Experiment, Produkt, Performance
Auch in seinen Live-Performances, die ihn, wie er sagt am Leben halten und es lebenswert machen, steht der Kreislauf im Vordergrund. Lillevan nimmt in seinem Badezimmer, das gleichzeitig sein Labor ist (oder umgekehrt) mit seinen Instrumenten, der Kamera und dem Projektor, organische Prozesse auf: schmelzen, zerreissen, kochen, brechen. Zwischen Werden und Vergehen streckt oder verkürzt er die Zeit dieses jeweiligen Vorgangs. Das Fotomaterial speist seine Datenbank auf die er im Live-Prozess zugreift, um mit den Projektpartnern ins Gespräch zu kommen. Kommunikation auf anderen Ebenen, über Bild und Musik, Collage und Ton, Kontakt und Blick. Die visuelle Musik fußt auf viel Erfahrung und der Liebe zum Prozess. "Proben? Nein, keine dieser Aufführungen kann je wiederholt werden. Jedes der Konzerte ist einzigartig, wie ein Dialog, der nicht wiederholt werden kann.", meint er und bezieht sich auf seine eigene Projekte, die nicht mit einem spezifischen, sehr strukturierten Auftraggeber zusammenhängen, wie zum Beispiel einem Opernhaus. Für die Visuals von Opern muss natürlich punktgenau mit Sängern, Musikern und Dirigenten geprobt werden. Hierbei geht es um den sekundengenauen Einsatz.Imago Dei 2017 in der Minoritenkirche, ein schöner Ort. Aber am wichtigsten ist das Team mit dem ich zusammenarbeite. Das muss stimmen.

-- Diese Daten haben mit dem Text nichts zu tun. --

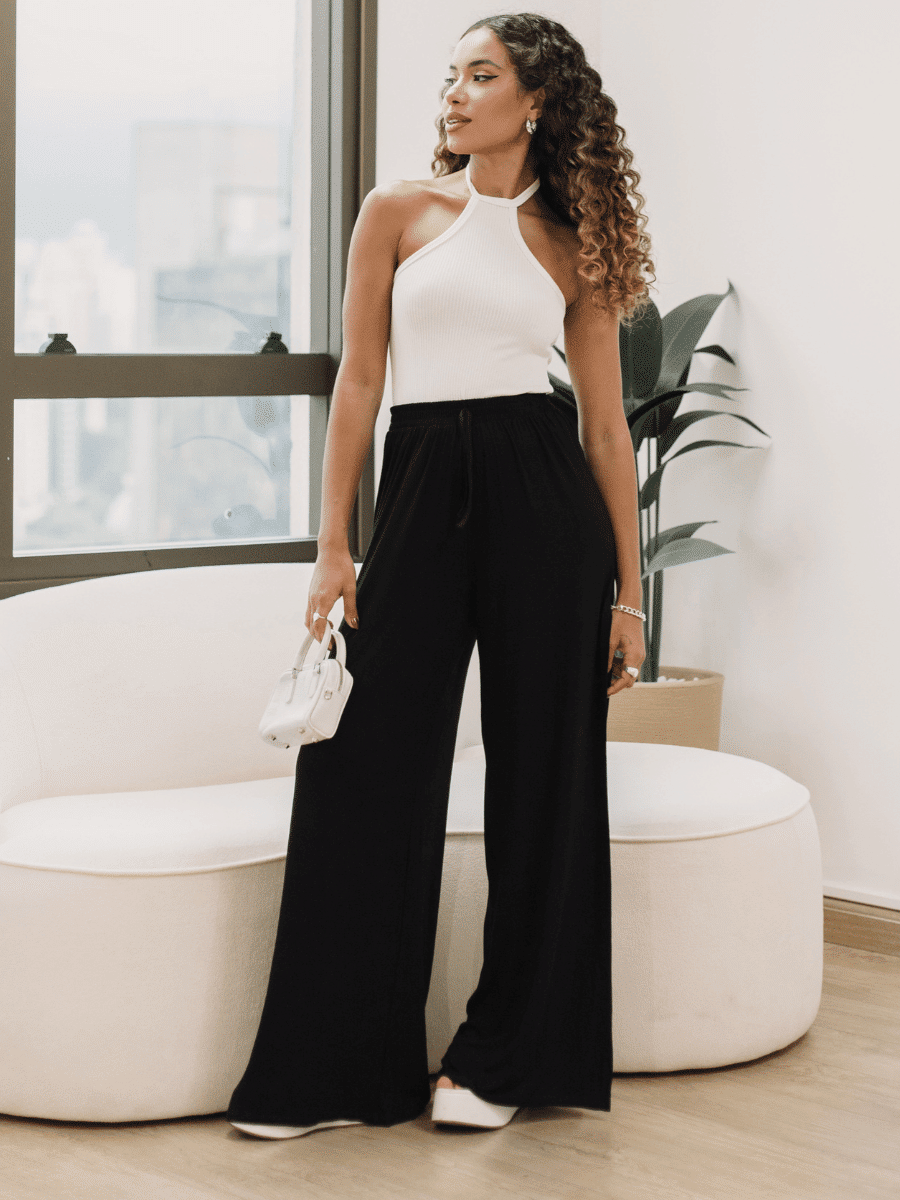 Pantalona com fenda Preta Pantalona com fenda Preta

Lillevan spricht dem kompletten Team des Imago Dei Osterfestivals, an dem er für die Videoanimation des Naqsh Duos und Stefan Fraunberger am 31. März 2017 verantwortlich ist, seinen größten Respekt aus. Zukünftige Projekte mit Synthesizer-Erfinder Morton Subotnick und zum Lutherjahr behalte ich im Auge... There is always more to try!